それは、山中に生えたドングリの木。それは自然との共生が生み出す生命であり、
ここに気づきを得た木村氏は自らの「畑」で自然の共生という仕組みを造り出した。この結果は、果して偶然だろうか?
いや、むしろ必然である。
木村氏は自らの畑で学んだ、木々の生態、害虫の生態、気候など、全てのものは専門家以上に習得していた。
そして何よりも「無農薬栽培のリンゴ」を「天命」だと捉え、実現への道に命を懸けてぶつかってきたからこそ、
無農薬でリンゴの花を咲かす道を見つけられたと言えるのではないだろうか。
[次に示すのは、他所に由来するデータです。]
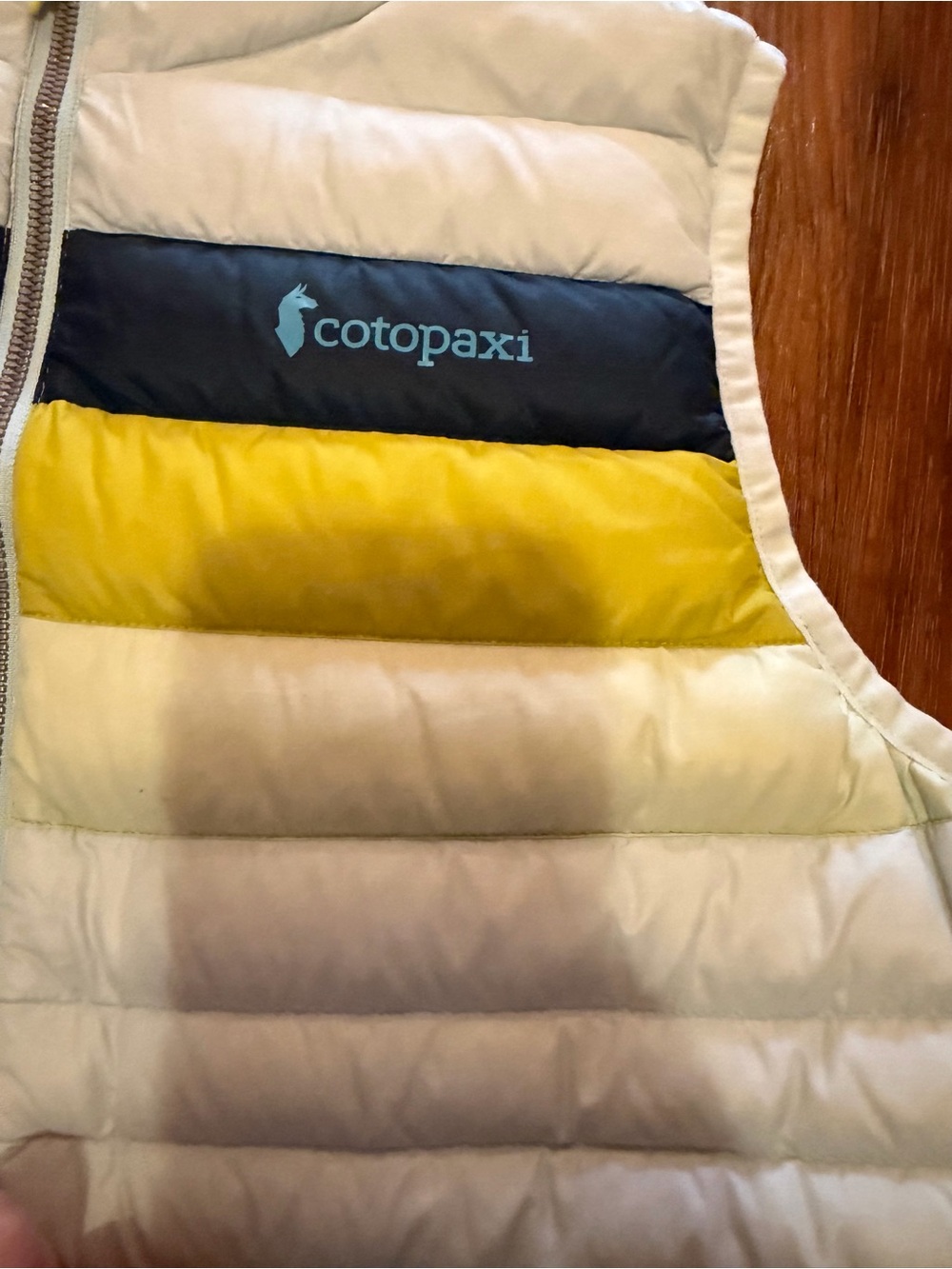 Cotapaxi vest size Women’s LG - Picture 2 of 4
今や、木村氏の栽培したリンゴは、お金を積んだところで手に入らない。
インターネットでも抽選で販売している程である。今、日本に欠けた「職人気質」という姿が、ここにはあるのではないだろうか。
職人はその道をひたすら追求し、自らの手で価値を創造することが出来る。この価値は簡単には生み出せるものではなく、
追求した時間や経験が生み出す美でもあると考える。
価値を問われる世の中に変わり、そこで求められる姿は何か?
それは自分の仕事や取り組みにおいて何を実現したいのか。
そして何よりもその「夢」へ深く追求を続けることである。現代の私たちは、その意味を真に考える時にあるのではないだろうか。